Economic activity from the manufacturing sector continued to grow in January, now climbing for the twentieth consecutive month.

– The ISM Manufacturing Index came in at 57.6, down from a 58.7 reading in both December and last January.
– Any reading above 50.0 indicates an expansion in activity, while any reading below 50.0 denotes a contraction.
– Slight slowdowns in activity from the new orders and production components helped slow the growth from the overall index.
– The new orders and production components slowed 3.1 and 1.6, respectively, but both remain well into expansion.
– The manufacturing sector remains in a strong demand, supply chain constrained environment, but January was the third consecutive month with signs of improvement in labor and supplier delivery performance.

The combination of limited inventory and a fresh wave of COVID infections helped to slow sales in January.

– ​U.S. light vehicle sales totaled 991,156 units in January, down 17.7% from December and down 10.4% from 1.106 million units sold in January 2020.
– This was the lowest monthly sales total since April 2020, the peak of the nationwide COVID shutdowns.
– This is the sixth consecutive month in which sales have declined by at least 10% on a year-over-year basis.



Fueled by soaring oil prices, both ExxonMobil and Chevron, reported their largest annual profits since 2014.

– Increased consumption as governments continue to taper COVID measures have helped push prices up sharply.
– Both ExxonMobil and Chevron plan to keep producing oil in order to keep up with demand; Exxon plans to increase oil production by 25% in the Permian Basin of West Texas in 2022.

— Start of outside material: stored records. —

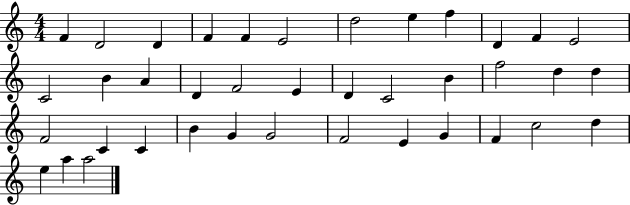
X:1
T:Untitled
M:4/4
L:1/4
K:C
F D2 D F F E2 d2 e f D F E2 C2 B A D F2 E D C2 B f2 d d F2 C C B G G2 F2 E G F c2 d e a a2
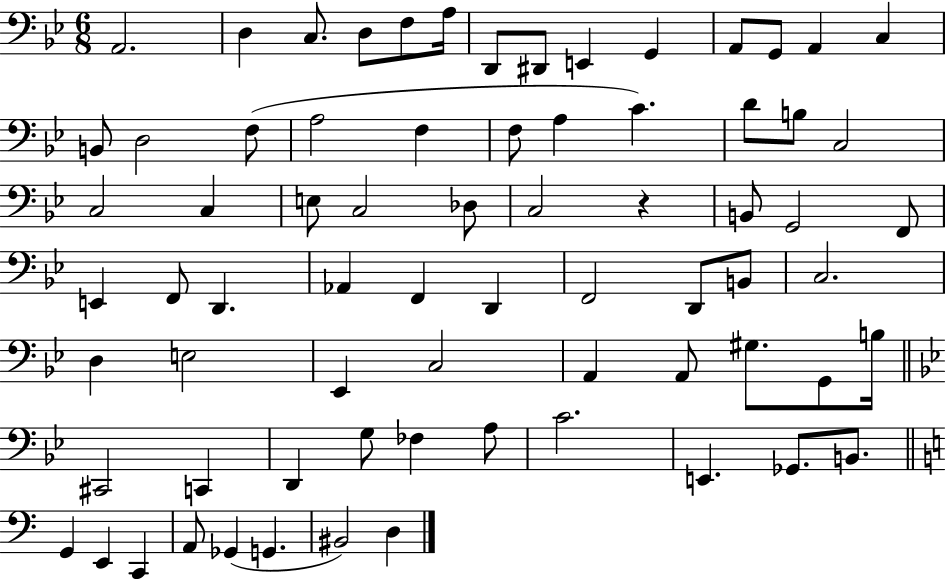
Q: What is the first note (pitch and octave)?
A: A2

This material, information and analyses (the “Content”) may include certain statements, estimates and projections prepared with respect to, among other things, historical data and anticipated performance.  Content may reflect various assumptions by Majestic Steel USA, Inc. concerning anticipated results that are inherently subject to significant economic, competitive and other uncertainties and contingencies and have been included for illustrative purposes.  Content is provided AS-IS.